Alston: You Don't Have to Buy Local

It's become something of a fad to advocate for the exclusive purchase of local goods when possible. It's easy to see why this idea is popular people naturally favor things that are close to home. Economically, this idea appears to make a lot of sense, as well, because if local businesses receive your money rather than national or foreign businesses, the local business owners will in turn spend their money locally. Friends and family living nearby benefit from the increased economic livelihood everyone's a winner, except for the multinational business whose products you refused. It's even good for the environment, many supporters say.

However, it's important to think about why you even have to convince people to buy local. Local products tend to be more expensive than those produced by large companies. This implies that the production costs for locally made goods are higher than those for nationally made goods, meaning that their business is less efficient. This can be for many reasons including higher local wages and prices, higher input costs and lack of economies of scale. Regardless, it means that assuming the quality of the products produced by local businesses and large companies is the same, the economy is wasting resources by allocating funds to these less efficient enterprises.

Consider an auto worker with a broken computer. He works an eight-hour shift and makes $20 per hour in the factory but could take the day off to fix his computer instead. He reasons that it makes more sense to pay a local computer specialist $100 to fix his machine because he can spend his time more profitably building cars instead. The situation of the auto worker in this case is analogous to the situation of a community, region or nation. Because some people and places are better at producing certain products than others, it makes sense for people, localities and even countries to collectively specialize in doing what they do best. If a town can either make $2 million worth of shoes or grow $1 million worth of corn, it makes sense for that town to make shoes instead.

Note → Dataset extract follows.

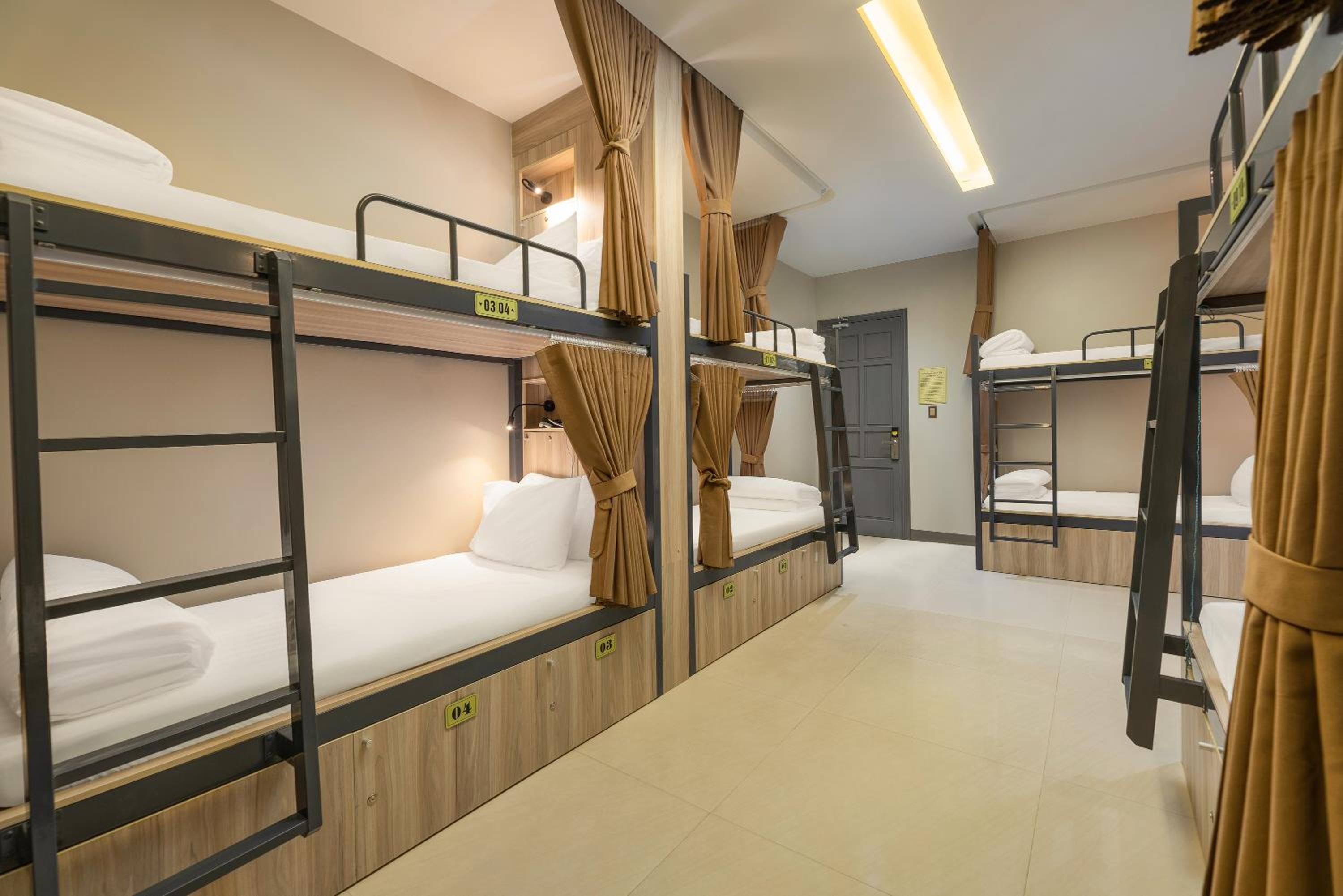 Bed in 12-Bed Mixed Dormitory Room photo 3
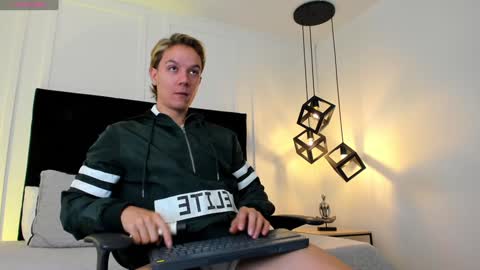 Jonathan Danielss  online show from January 21, 11:35 am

Advocates of local farming initiatives would say that it makes more sense for that community to spend its time growing enough corn for itself, rather than buying food from farmers in the next town over. However, that community must spend less time making shoes and as a result, its total product is of less monetary value; in other words, the community has become poorer since some of its residents decided to devote their time to growing crops.

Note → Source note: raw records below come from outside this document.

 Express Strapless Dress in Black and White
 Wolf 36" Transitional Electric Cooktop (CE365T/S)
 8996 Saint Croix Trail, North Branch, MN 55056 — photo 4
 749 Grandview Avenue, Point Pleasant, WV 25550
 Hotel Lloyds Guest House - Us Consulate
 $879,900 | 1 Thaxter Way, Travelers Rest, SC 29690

The same advocates would argue that making purchases from local business is more environmentally friendly than buying from businesses far away because doing so cuts down on transportation distances, and thus reduces greenhouse gas emissions. However, in the case of organic farming, local farmers tend to use more land to produce their product than standard agribusiness farms; one could hardly say that using more land is environmentally friendly. That doesn't do any favors for the transportation-related argument, either when local farms eat up more land, people have to drive farther to carry out everyday tasks, increasing greenhouse gas emissions.

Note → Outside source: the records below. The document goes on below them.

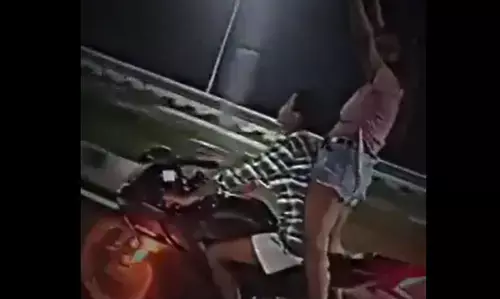 चलती बाइक पर हाफ निक्कर पहन निकली लड़की ने लहराई पिस्टल, अरेस्ट हुई तब पुलिस से बोली, देखें वीडियो चलती बाइक पर हाफ निक्कर पहन निकली लड़की ने लहराई पिस्टल, अरेस्ट हुई तब पुलिस से बोली, देखें वीडियो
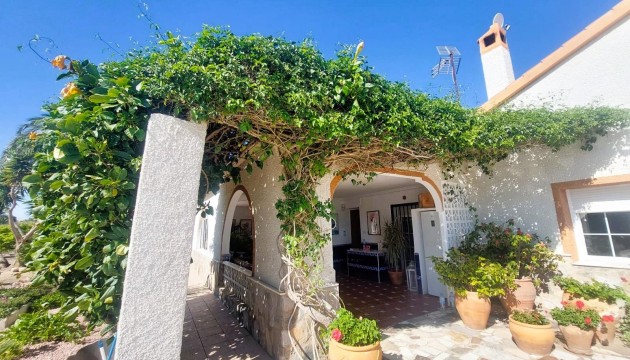 Videresalg - Country House - La Marina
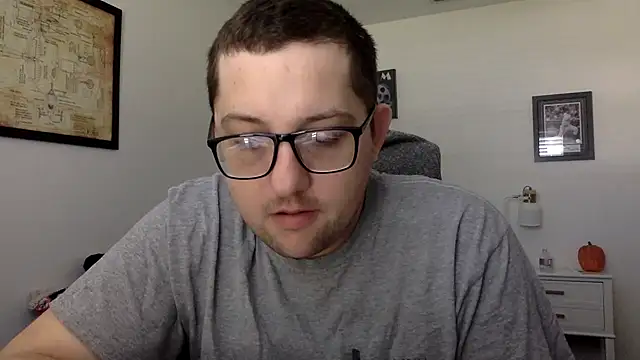 Snapshot of Milflover96 chatting on March 2025 03:24:02 PM Milflover96 online show from March 2025 03:24:02 PM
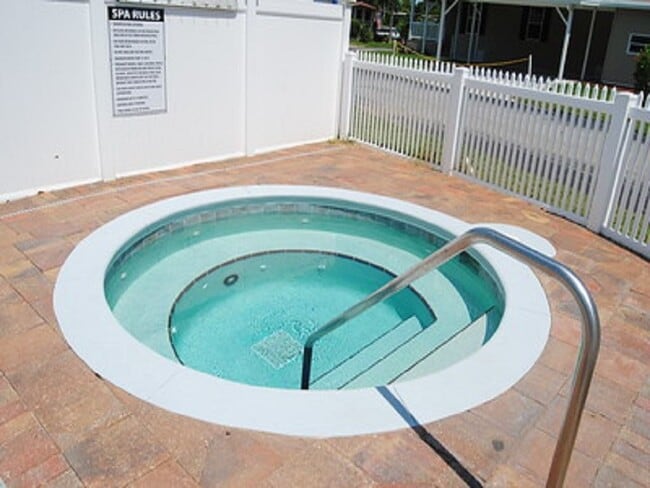 Building Photo - 20 Glen Cove Ct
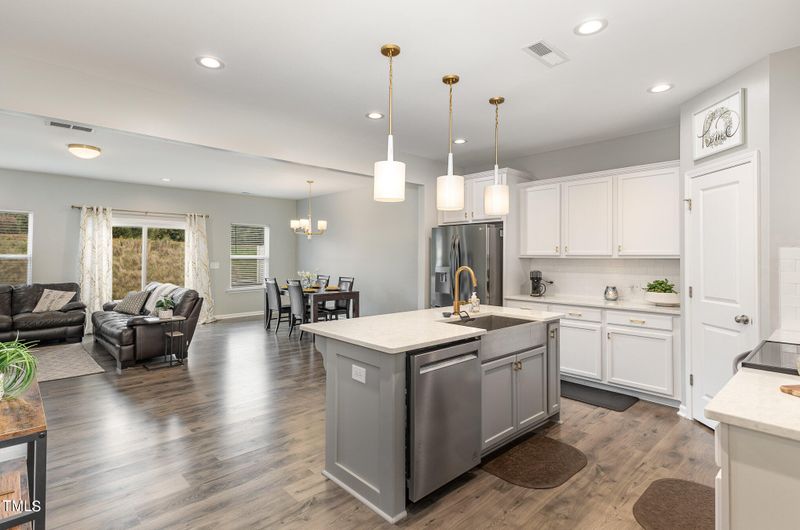 16 Little Leaf Ln, Clayton, NC 27527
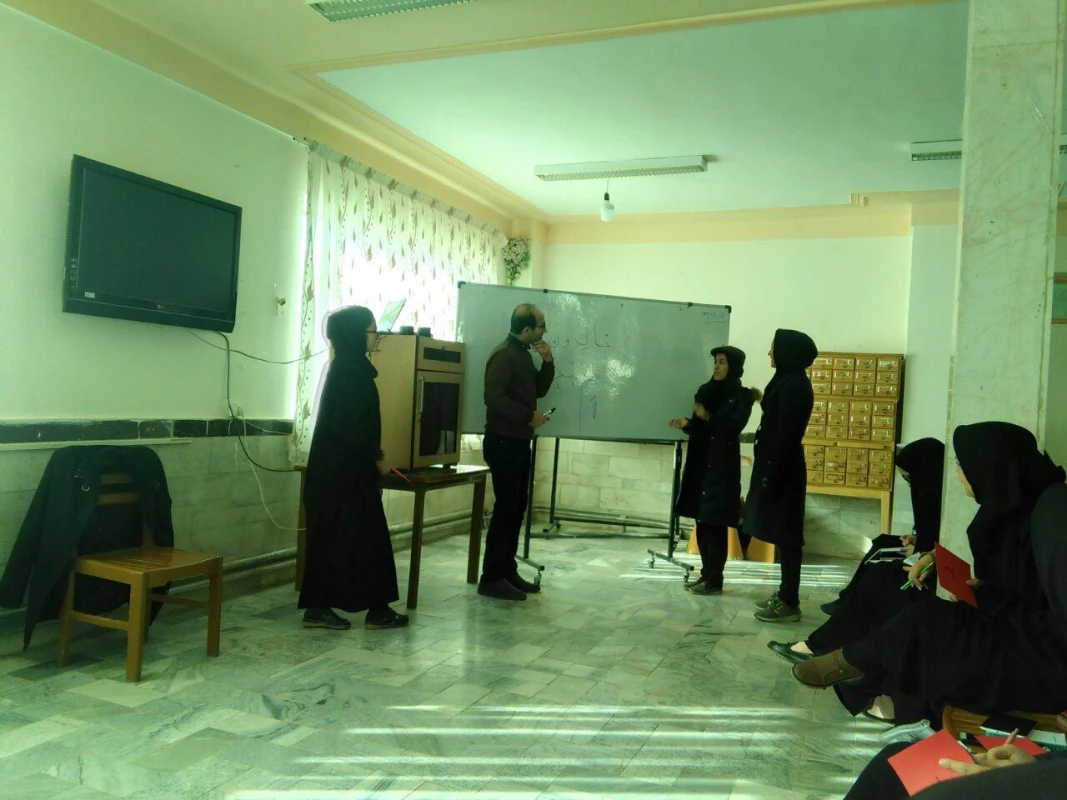 کانون همدلی برگزار نمود:
کارگاه روش تدریس قرآن به بیان هنری 2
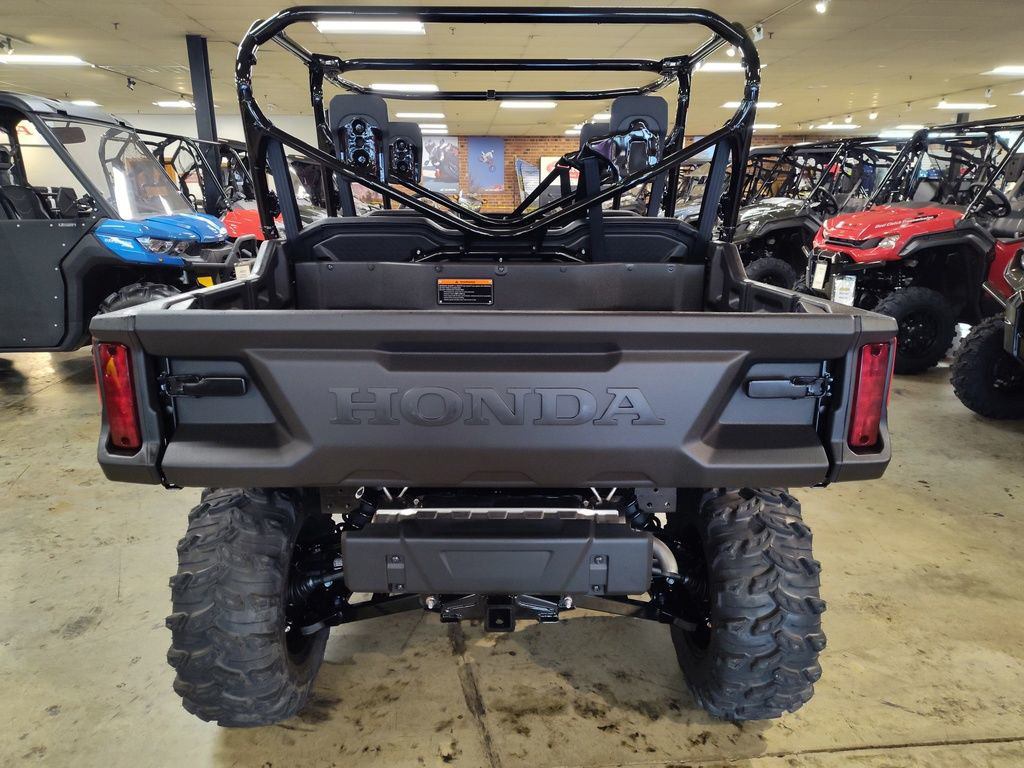 2025 Honda Pioneer 1000-6 Deluxe Crew in asheboro NC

There are, of course, legitimate reasons to buy more expensive local products instead of brand-name ones. The best of these is that they actually offer you a better product local restaurants are, quite often, vastly superior to national chains in terms of quality, and fresh local produce may very well taste better (though a Stanford University study suggests it's not necessarily any better for you). Maybe you don't necessarily like Dirt Cowboy any more than Starbucks, but go there because your friend works there, or because the workers there make more money and that's a cause you support or both. These are all perfectly sensible economic reasons to buy local. But don't buy from local business out of some sense of economic self-righteousness you're only helping perpetuate less efficient business, making the local and national economy poorer as a result.